Pengembangan Pesantren sebagai
Pusat Tariqat Al Idrisiyah
Mengingat Cidahu areanya tak memungkinkan untuk
pengembangan pesat Thariqat, karena areanya yang sempit, di depan jalan raya
dan di belakangnya adalah Sungai Citanduy, maka Pesantren Al Idrisiyah dialihkan
ke daerah Pagendingan, yang terletak di tepi jalan Nasional, yang lebih hidup
sehingga memungkinkan dakwah menjadi lebih terbuka dan menjangkau ragam
khalayak.
Kini Pesantren Al Idrisiyah tidak hanya sebagai Pesantren
Tasawuf saja. Pesantren ini pun menyelenggarakan kegiatan sekolah dan pesantren
diniyah. Siswa dan santri di sini sudah diperkenalkan dengan kegiatan
bertariqat.
Struktur Organisasi Tariqat Al
Idrisiyah
Bila di Tariqat lain ada pembantu Mursyid (Badal,
Khalifah, Wakil Talqin) dalam melakukan proses pembelajaran dzikir yang
diistilahkan sebagai Talqin atau Bay'at, di Al Idrisiyah proses Talqin dan
Bay'at hanya dilakukan oleh Mursyid Thariqat Al Idrisiyah. Murid atau Jama'ah
yang telah belajar berdzikir kemudian dibina di Zawiyah Sufiyah (Tempat
berkumpul dan beriyadoh sufi) yang saat ini ada di 60 tempat yang tersebar di
Indonesia. Di luar negeri pengembangannya sudah ke Brunei, Malaysia, Hongkong,
dan Italia.
Di setiap Zawiyah
ada Ketua Zawiyah dan Ustadz Pembimbing amalan riyadhoh sufiyah. Ketua Zawiyah
menjalankan peran perpanjangan Tariqat Al Idrisiyah dalam bidang Dakwah,
Pendidikan, Ekonomi, Kepemudaan, dan Peranan Wanita. Ustadz Pembimbing amalan
Sufiyah berperan dalam membimbing murid atau jamaah dalam melakukan
amalan-amalan dan latihan-latihan ruhaniyah, sehingga para murid yang baru
dapat berlatih hingga menemukan lezatnya dzikrullah.

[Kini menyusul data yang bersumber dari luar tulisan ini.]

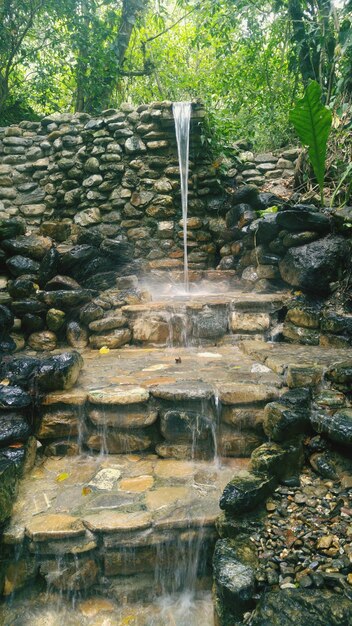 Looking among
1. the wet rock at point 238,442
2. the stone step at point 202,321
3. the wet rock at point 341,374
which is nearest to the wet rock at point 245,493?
the wet rock at point 238,442

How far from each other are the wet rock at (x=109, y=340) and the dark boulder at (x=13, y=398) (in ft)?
4.07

Pengembangan dakwah di jaman sekarang dilakukan oleh Al
Idrisiyyah dengan memanfaatkan teknologi informasi, berupa Website, Blog,
Aplikasi dan Sosial Media. Untuk jegiatan-kegiatan yang berlangsung di Al
Idrisiyyah siapapun yang memerlukan dapat membukanya di live streaming melalui media sosial.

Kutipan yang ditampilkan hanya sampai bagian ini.